The Bay of Pigs invasion embarrassed the United States, drove a wedge between President Kennedy and his intelligence services and strengthened the relationship between the Soviet Union and Cuba. In the aftermath, the United States switched to more covert methods of trying to depose Fidel Castro, while the Soviets began sending supplies and weapons to Cuba to forestall another invasion. This ultimately led to the Cuban Missile Crisis in 1962.
In terms of casualties, the Bay of Pigs invasion was essentially a draw. The Cuban forces suffered 176 killed, at least 500 wounded, and around 4,000 missing. The CIA and expatriate forces suffered 118 killed, 360 wounded and 1,202 captured. Several of the prisoners Cuba took were later executed. In the end, Cuba traded 1,113 prisoners for approximately $53 million in economic aid. Castro also let around 1,000 relatives of the expatriates leave Cuba to join their family members in the United States.

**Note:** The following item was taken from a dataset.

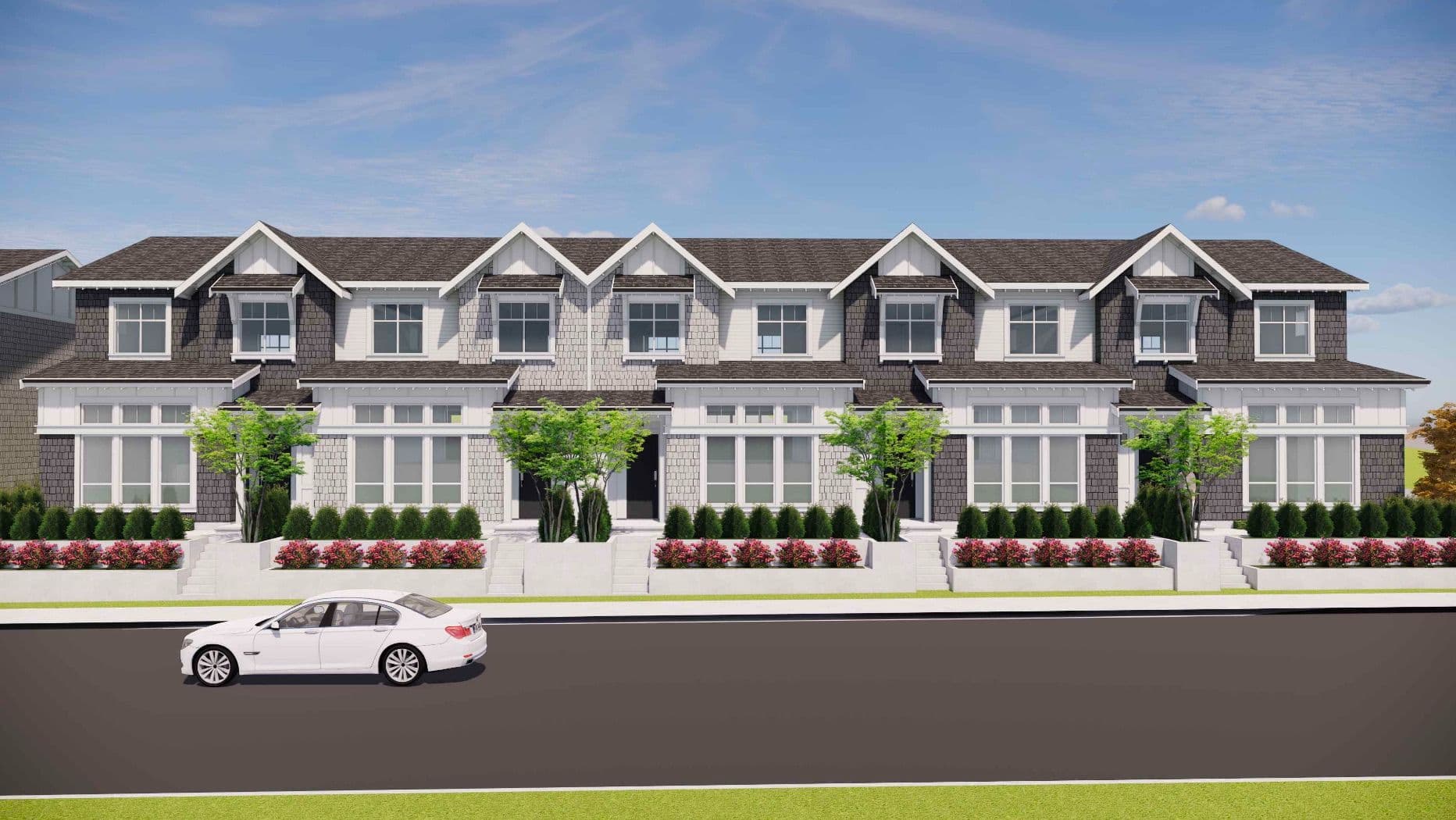 Ocean Park – A street-level architectural rendering shows a row of modern two-story townhomes with grey and white shake siding, white window trim, and gabled roofs. Landscaped front gardens with low retaining walls, small trees, and bright pink flowers line the sidewalk, with a single white sedan parked on the road in front under a clear blue sky.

The buildup of missile forces in Cuba after the Bay of Pigs triggered a standoff between the United States and the Soviets in October of 1962. The United States discovered intermediate-range ballistic nuclear missiles in the island nation and demanded their removal. After heated diplomatic rhetoric from both sides and a naval blockade of Cuba, the Soviets agreed to remove the missiles in exchange for the dismantling of American missiles in Turkey and a promise to never again attempt to invade Cuba.